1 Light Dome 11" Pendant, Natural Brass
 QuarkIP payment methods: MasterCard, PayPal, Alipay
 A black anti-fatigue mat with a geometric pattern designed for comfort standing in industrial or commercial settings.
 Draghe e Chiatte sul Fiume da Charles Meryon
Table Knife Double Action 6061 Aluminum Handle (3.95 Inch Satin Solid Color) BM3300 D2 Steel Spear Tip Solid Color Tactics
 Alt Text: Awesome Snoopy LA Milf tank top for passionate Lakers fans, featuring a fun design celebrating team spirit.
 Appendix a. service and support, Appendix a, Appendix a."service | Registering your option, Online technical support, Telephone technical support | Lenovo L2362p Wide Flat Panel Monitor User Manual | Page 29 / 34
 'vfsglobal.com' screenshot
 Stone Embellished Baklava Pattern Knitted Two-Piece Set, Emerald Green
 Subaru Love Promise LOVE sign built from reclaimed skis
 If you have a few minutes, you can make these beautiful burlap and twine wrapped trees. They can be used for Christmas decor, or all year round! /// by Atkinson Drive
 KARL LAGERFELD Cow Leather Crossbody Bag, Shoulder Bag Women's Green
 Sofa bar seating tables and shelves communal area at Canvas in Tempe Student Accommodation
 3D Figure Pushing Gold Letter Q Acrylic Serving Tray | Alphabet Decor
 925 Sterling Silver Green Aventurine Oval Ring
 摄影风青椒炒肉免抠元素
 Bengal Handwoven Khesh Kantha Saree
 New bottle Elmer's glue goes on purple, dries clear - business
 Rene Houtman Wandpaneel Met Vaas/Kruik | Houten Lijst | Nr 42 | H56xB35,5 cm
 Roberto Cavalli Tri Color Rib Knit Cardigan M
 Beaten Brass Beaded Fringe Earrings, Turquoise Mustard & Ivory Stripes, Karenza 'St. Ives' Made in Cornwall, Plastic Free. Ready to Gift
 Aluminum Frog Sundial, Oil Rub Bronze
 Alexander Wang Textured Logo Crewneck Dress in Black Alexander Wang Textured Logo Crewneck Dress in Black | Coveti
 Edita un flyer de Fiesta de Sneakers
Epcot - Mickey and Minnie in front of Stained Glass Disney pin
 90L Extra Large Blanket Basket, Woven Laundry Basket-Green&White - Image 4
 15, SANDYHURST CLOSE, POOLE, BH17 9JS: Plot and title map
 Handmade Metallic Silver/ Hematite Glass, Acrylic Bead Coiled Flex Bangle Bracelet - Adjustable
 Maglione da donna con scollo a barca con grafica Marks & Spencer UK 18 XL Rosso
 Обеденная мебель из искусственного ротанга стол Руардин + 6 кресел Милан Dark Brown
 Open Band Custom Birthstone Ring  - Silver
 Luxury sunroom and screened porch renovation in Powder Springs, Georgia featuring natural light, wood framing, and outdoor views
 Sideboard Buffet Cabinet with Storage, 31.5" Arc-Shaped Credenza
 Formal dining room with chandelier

—————

> **EXERCISE PROMPT**
Return the records in full, exactly as they read.

> **ANSWER SPACE**
1 Light Dome 11" Pendant, Natural Brass
 QuarkIP payment methods: MasterCard, PayPal, Alipay
 A black anti-fatigue mat with a geometric pattern designed for comfort standing in industrial or commercial settings.
 Draghe e Chiatte sul Fiume da Charles Meryon
Table Knife Double Action 6061 Aluminum Handle (3.95 Inch Satin Solid Color) BM3300 D2 Steel Spear Tip Solid Color Tactics
 Alt Text: Awesome Snoopy LA Milf tank top for passionate Lakers fans, featuring a fun design celebrating team spirit.
 Appendix a. service and support, Appendix a, Appendix a."service | Registering your option, Online technical support, Telephone technical support | Lenovo L2362p Wide Flat Panel Monitor User Manual | Page 29 / 34
 'vfsglobal.com' screenshot
 Stone Embellished Baklava Pattern Knitted Two-Piece Set, Emerald Green
 Subaru Love Promise LOVE sign built from reclaimed skis
 If you have a few minutes, you can make these beautiful burlap and twine wrapped trees. They can be used for Christmas decor, or all year round! /// by Atkinson Drive
 KARL LAGERFELD Cow Leather Crossbody Bag, Shoulder Bag Women's Green
 Sofa bar seating tables and shelves communal area at Canvas in Tempe Student Accommodation
 3D Figure Pushing Gold Letter Q Acrylic Serving Tray | Alphabet Decor
 925 Sterling Silver Green Aventurine Oval Ring
 摄影风青椒炒肉免抠元素
 Bengal Handwoven Khesh Kantha Saree
 New bottle Elmer's glue goes on purple, dries clear - business
 Rene Houtman Wandpaneel Met Vaas/Kruik | Houten Lijst | Nr 42 | H56xB35,5 cm
 Roberto Cavalli Tri Color Rib Knit Cardigan M
 Beaten Brass Beaded Fringe Earrings, Turquoise Mustard & Ivory Stripes, Karenza 'St. Ives' Made in Cornwall, Plastic Free. Ready to Gift
 Aluminum Frog Sundial, Oil Rub Bronze
 Alexander Wang Textured Logo Crewneck Dress in Black Alexander Wang Textured Logo Crewneck Dress in Black | Coveti
 Edita un flyer de Fiesta de Sneakers
Epcot - Mickey and Minnie in front of Stained Glass Disney pin
 90L Extra Large Blanket Basket, Woven Laundry Basket-Green&White - Image 4
 15, SANDYHURST CLOSE, POOLE, BH17 9JS: Plot and title map
 Handmade Metallic Silver/ Hematite Glass, Acrylic Bead Coiled Flex Bangle Bracelet - Adjustable
 Maglione da donna con scollo a barca con grafica Marks & Spencer UK 18 XL Rosso
 Обеденная мебель из искусственного ротанга стол Руардин + 6 кресел Милан Dark Brown
 Open Band Custom Birthstone Ring  - Silver
 Luxury sunroom and screened porch renovation in Powder Springs, Georgia featuring natural light, wood framing, and outdoor views
 Sideboard Buffet Cabinet with Storage, 31.5" Arc-Shaped Credenza
 Formal dining room with chandelier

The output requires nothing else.